The Brexit project exploited our cultural predilection for optimism. Leave was painted as the optimistic choice. Now, when the Brexiteers are not promising us “adequate food”, they are peddling another brand of optimism. No matter what happens at the end of October, they tell us, we’ll be all right. After all, if we can make it through the Second World War we can survive Brexit. One of the many holes in this “there’ll always be an England” line of argument is, of course, that half a million British people didn’t make it through the Second World War.
The simplistic belief that the old voted Leave and the young voted Remain ignores the fact that the most elderly, the people who actually remember the Second World War, who fought and suffered in it, were “far more likely to oppose Brexit”, according to some research, than the baby boomers – a generation brought up watching war films rather than cowering in Anderson shelters.
Sometimes pessimism is simply reality. And that is the place from which solutions arise.
Image: You Tube
6 comments:
An optimist says the glass is half full. A pessimist says the glass is half empty. An engineer says, "You're using the wrong glass."
- Sir, would you like a chicken sandwich prepared by one of Britain's top chefs?
- Yes please, that sounds great.
- I don't want it going to waste are you sure you'll finish it?
- Yes, I'm famished!
- Fine, here it is. It's been sitting out in the sun for a couple of days.
- What?! That's disgusting!
- A chicken sandwich is a chicken sandwich and you said you'd eat it. Too late to change your mind now.

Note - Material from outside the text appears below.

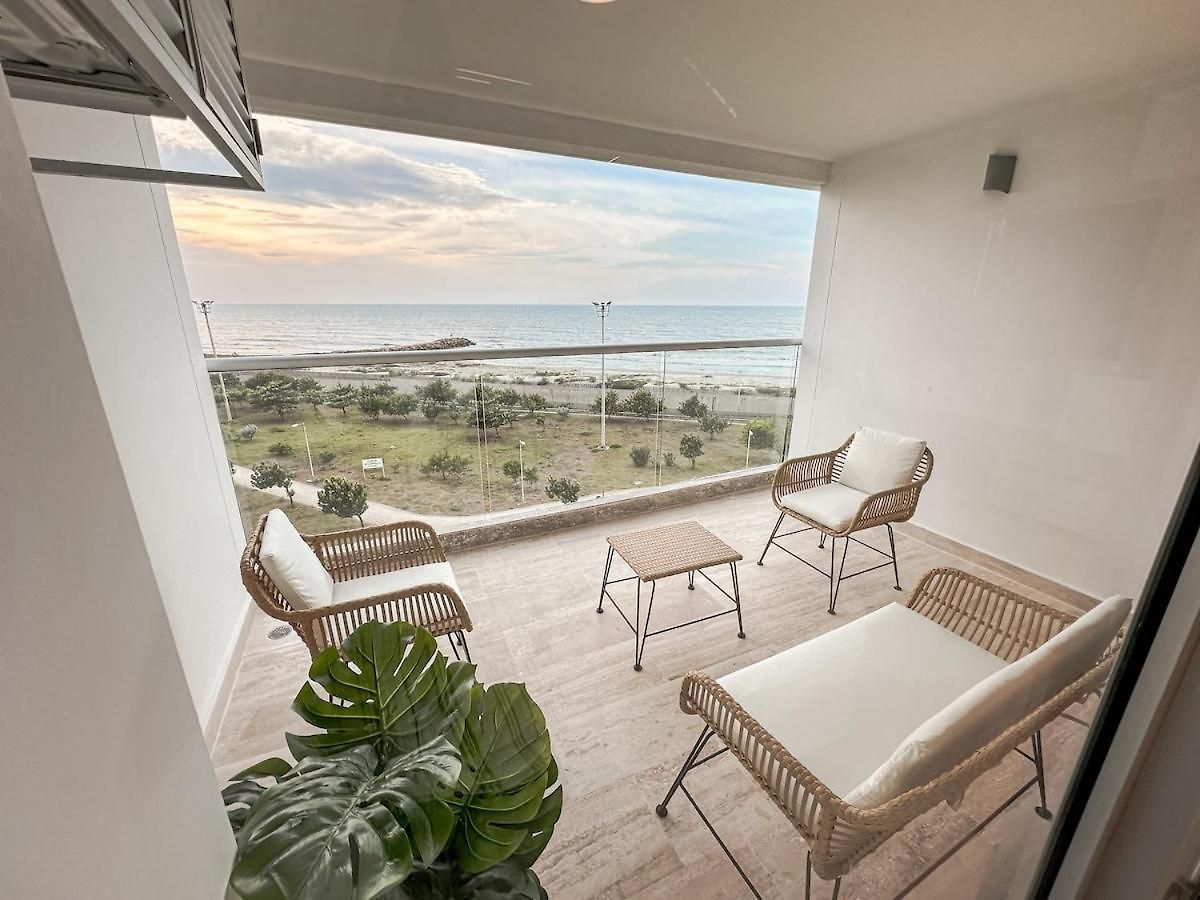 1 Vista Al Mar Cerca Al Centro En Crespo Apartamento *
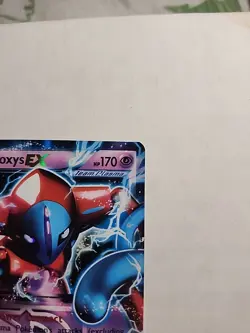 Pokemon Black Star Promo Deoxys EX BW82 Foil Near Mint Condition - Image 4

This in a nutshell is what Nigel and Boris are saying to the British people. There's no cause for optimism at all.
Cap
Good point, Toby. Your perspective has a lot to do with whether you're an optimist or a pessimist.
What's truly sad, Cap, is that such a large number of Brits could not see that Johnson and Farange are con men. They bought the sandwich is the first instance.
This puts me in mind of the guy who wouldn't eat the shit sandwich because he didn't like the bread.
Sometimes the packaging is a dead give away, John.